When we think about comorbidities and race in the UK, and how this complicates protection from COVID-19 for communities of colour, recent research shows that:

“African Caribbean people have higher prevalence of high blood pressure, and South Asian people (particularly first generation) have higher prevalence of Coronary Heart Disease (British Heart Foundation). South Asian people are up to six times more likely to have Type 2 diabetes (Diabetes UK). African Caribbean, South Asian, and people of Mediterranean origin are also more likely to have Sickle Cell Disease, which is one of the conditions identified by the NHS as being at highest risk of mortality relating to COVID19”
(source: Race Equality Foundation)

So, while some people from upper socio-economic backgrounds are able to reside in gated communities, travel to far-flung vacation spots, dine in fine restaurants, and generally keep their distance from those who are not in their social circles, complete social distancing from the ‘have nots’ is difficult to achieve. Even the more affluent in our society rely on trains and taxis to get around, restaurant staff to prepare their meals, bin collectors to keep their neighbourhoods free of trash and infestation, news agents who sell them financial magazines that remind them of their good fortune, the invisible porters and maids who attend to their comfort at luxury hotels, and even BAME GPs (several of whom have recently died from the virus), to attend to their health. This article provides interesting further reading.

Wear a mask, save lives!

The optics of this virus cannot be underestimated. On the surface, the advice to wear masks seem to be both innocuous and important. Health and government officials suggest that wearing masks can help slow the spread of the virus, and we all want to do our part to help ‘flatten the curve’ and save lives. Yet there is another component to this advice that means something entirely different to most people of colour. Wearing a mask in public can get us arrested or killed, and here we go back to the ‘Why?’

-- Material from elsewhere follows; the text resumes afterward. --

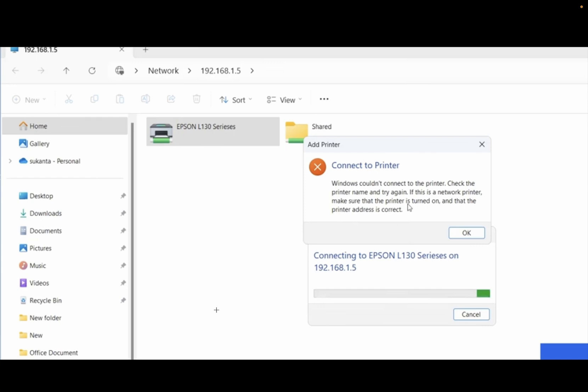Hello everyone and welcome to the channel. In this video I am going to guide you how to fix the issue 'Windows could not connect to the printer'. If you are facing the same issue, this video is for you. I will show step by step how you can troubleshoot and resolve this issue easily.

Racist systems hold that black people cannot be trusted and that we are always up to some nefarious deed. We are therefore profiled and arrested at higher rates than whites, and painful experience has taught us that any advice we follow is understood to be through a white-centric lens, which means that it is not necessarily for our benefit or protection. So, are masks deadly or protective? It depends on who you ask.

Franz Fanon famously noted that in a white-centric world, men of colour come across certain difficulties in the ‘development of his bodily schema’. His awareness of his body is ‘solely a negating activity…a third person consciousness [it is a] body surrounded by an atmosphere of certain uncertainty. In other words, if as a person of colour I wear a mask in public and the white-centric view of the world perceives me to be a threat, then would not wearing a mask in public put me at equal risk of arrest for not following the rules?

 

The purpose of this blog has been to start an important conversation on expectations of safety when safety has never been assured in communities of colour. It is meant to get us thinking on a deeper level about the challenges in communities of colour that have existed throughout time and will continue to exist even when the COVID-19 pandemic becomes yet another tragic footnote in history.

I end this blog by drawing attention to @tezilyas hashtag, #YouClapForMeNow. It is a powerful reminder that the people who are now being asked to put their lives on the line to save those who may have ignored or excluded them in the past, have always been there. Perhaps you simply forgot how to see them.